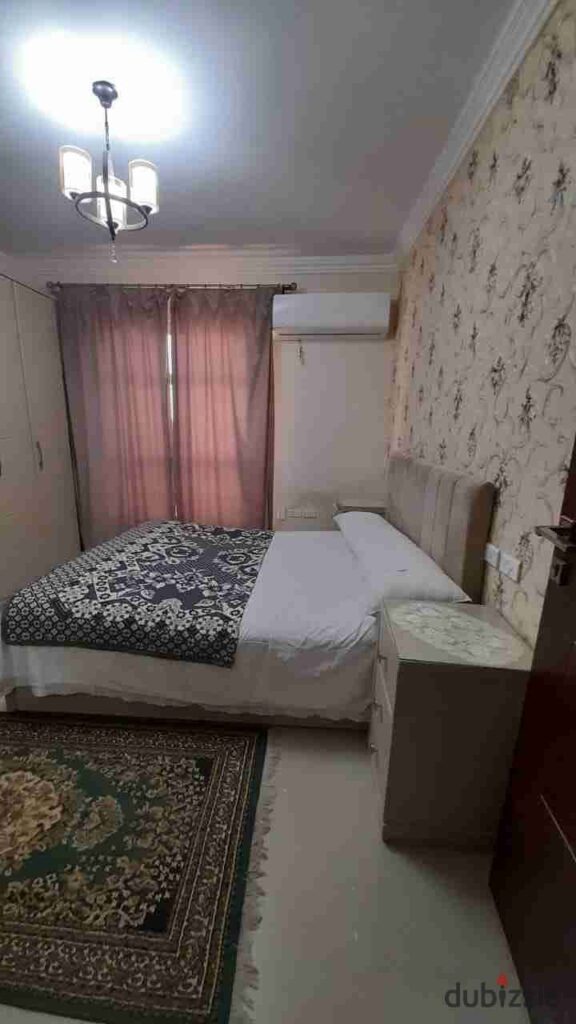 شقه للايجار مفروش بمدينتي في b7 بسعر تحفه 0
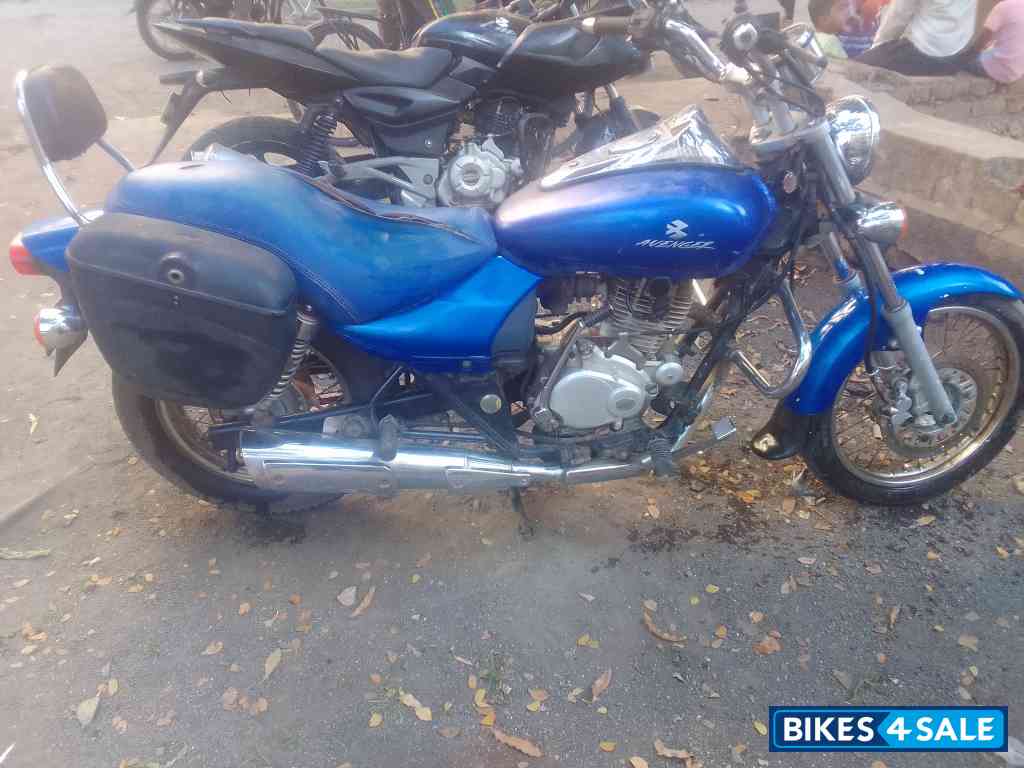 Bajaj Avenger 180 DTS-i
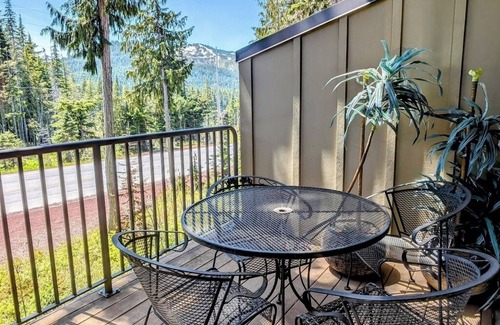 Government Camp Ski Chalet | Chalet 149 at the Official Collins Lake Resort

--------------------------------------------------

# [Your objective]
Reproduce the material above in full, exactly, with no images.

# [Output]
 شقه للايجار مفروش بمدينتي في b7 بسعر تحفه 0
 Bajaj Avenger 180 DTS-i
 Government Camp Ski Chalet | Chalet 149 at the Official Collins Lake Resort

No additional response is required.